PARA UMA ESPIRITUALIDADE POLÍTICA


Por Marcelo Barros



Para muitas pessoas que seguem caminhos espirituais, a Política nada tem a ver com a Espiritualidade. Pensam a fé como exclusiva relação com Deus e expressa nas devoções. A Política fica, então, restrita ao exercício do poder na sociedade. Quando se separa a espiritualidade da vida real, as eleições se reduzem a um ritual político, repetido a cada quatro anos, enquanto a espiritualidade é reduzida ao mundo religioso.

Na realidade, a vida não é assim, fragmentada em compartimentos separados. O compromisso político vai muito além das eleições, assim como a Espiritualidade se expressa em todos os campos da vida e não só no religioso. Simone Weil, pensadora francesa da primeira metade do século XX, afirmava: "Conheço quem é de Deus não quando me fala de Deus e sim pelo modo de se relacionar com os outros".

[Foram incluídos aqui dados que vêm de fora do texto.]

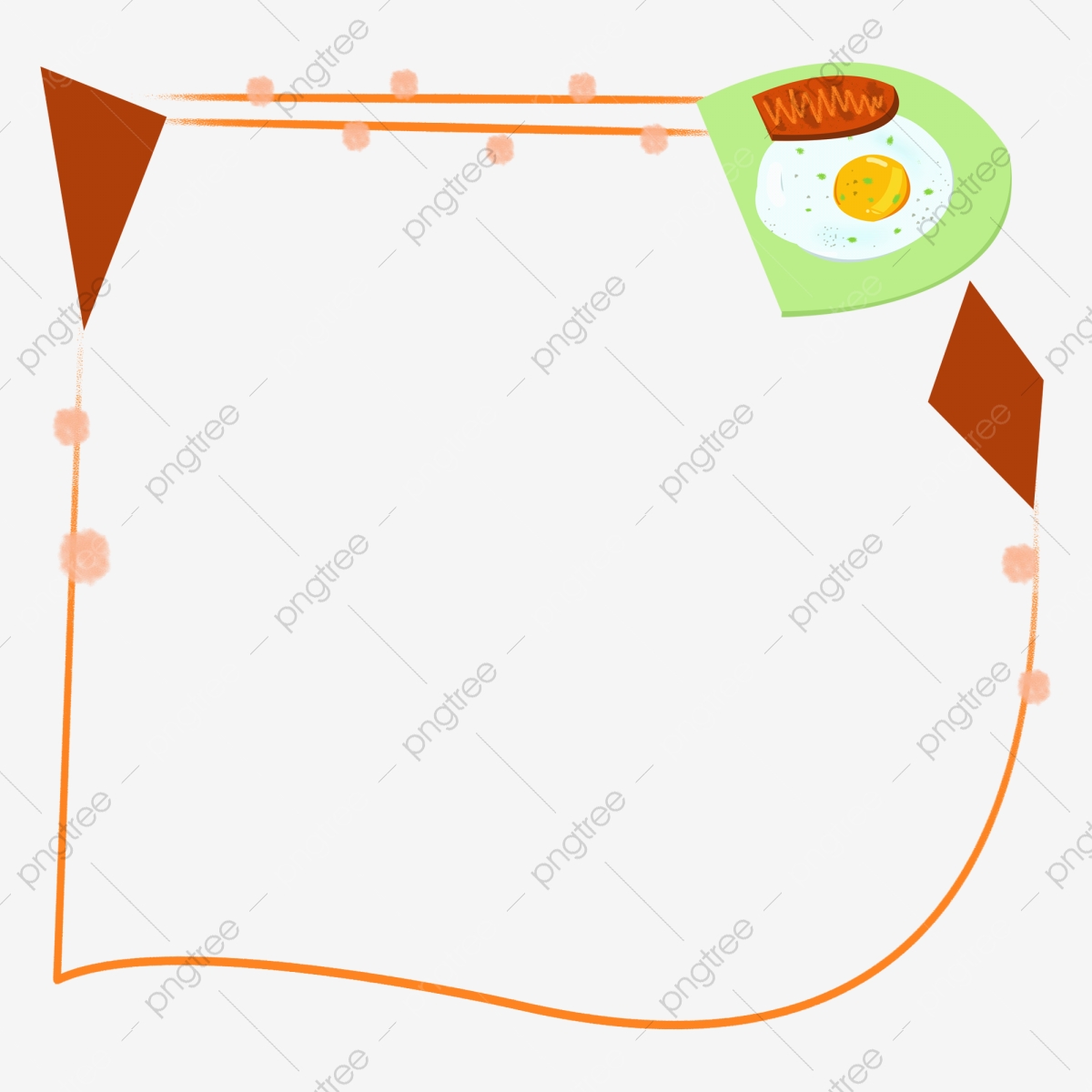 Breakfast Border cliparts image pack with transparent images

Nos séculos passados, por não terem claro essa relação entre o compromisso ético da fé e a dimensão espiritual da Política, as próprias estruturas das Igrejas e religiões, assim como a maioria dos religiosos, deram aparência religiosa a guerras e violências indescritíveis. Na Índia, as religiões deram aparência espiritual ao sistema social das castas. Na África do Sul, durante séculos, cristãos protestantes justificaram o apartheid. No mundo inteiro, católicos e evangélicos legitimaram o Colonialismo. Foram coniventes com o racismo e com injustiças sociais. Até hoje, no Congresso brasileiro, um grupo de parlamentares se dizem evangélicos. Sem nenhuma preocupação com a Ética, sem compromisso com a justiça e menos ainda com o serviço ao povo, a maioria exerce o mandato para defender interesses de seus grupos religiosos ou, pior ainda, simplesmente enriquecer. Em nome de um Deus cruel, amigo apenas dos seus amigos e vingativo em relação aos demais, eles fortalecem as desigualdades sociais.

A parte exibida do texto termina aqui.